Questionable. Perhaps an array s.t. @result[x] = $a & @b[x] ?
On the other hand, I like the idea of being able to distribute an
operator using this syntax...
@a = @b op $c
versus
?? = @b [op] $c
What's the difference? One maybe produces @b[x] op $c while the other
produces -> { $result = $c; for @b -> $b { $c op= $b; } }
But then it's not legal any more in array context unless @b is a LoL.
Erk!
> @a [&] @b # all(*@a,*@b) ???
Array s.t. @result[x] = @a[x] & @b[x]
> @a = ($b [,] @c); # @a = ($b, *@c); ???
LoL: @a[x] = ($b, @c[x])
> I'm not even sure how to hyper these two.
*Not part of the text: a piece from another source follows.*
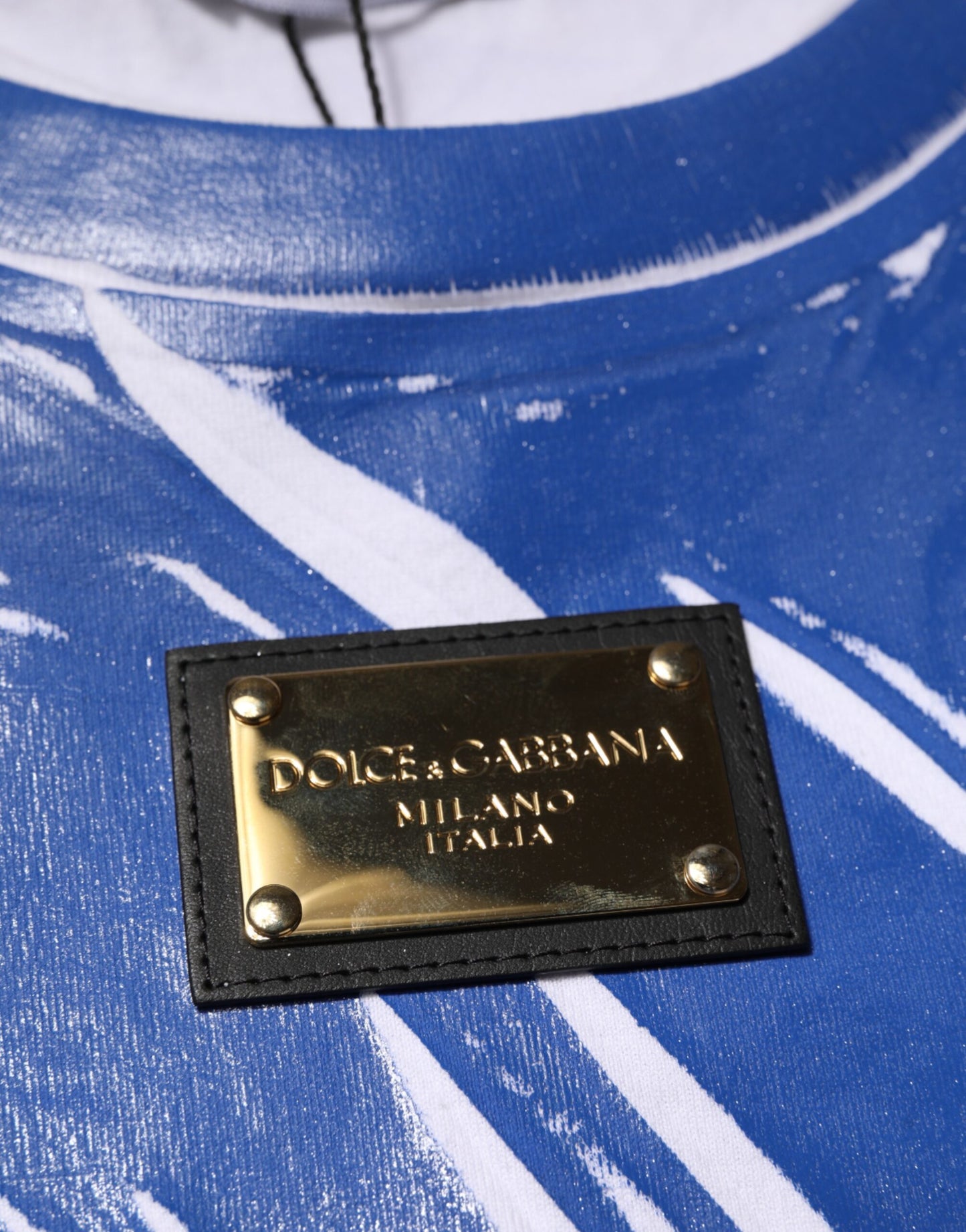 Débardeur Dolce & Gabbana en coton bleu et blanc avec plaque logo pour femme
I guess if I had an array
> of "range objects" I could hyper ;
Hypersemi is probably just the same as hypercomma, since the
circumlocutions needed to use it are such that you'll probably specify
the construction clearly.
But if not:
@a = @b [;] @c --> @a[x] = ((@b[x]) ; (@c[x]))
> Would this write to several filehandles?
>
> print @file_handles [:] "fooey!\n";
>
> > .. - range
>
> And this is the one that made me start thinking about hypering the
> others
>
> @a = @b[..]@c # @a = ($b[0]..$c[0], $b[1]..$c[1], ...) ???
> @a = $b[..]@c # @a = ($b..$c[0], $b..$c[1], ...) ???
> @a = @b[..]$c # @a = ($b[0]..$c, $b[1]..$c, ...) ???
>
You, too? Range was the first thing I started trying to hyper.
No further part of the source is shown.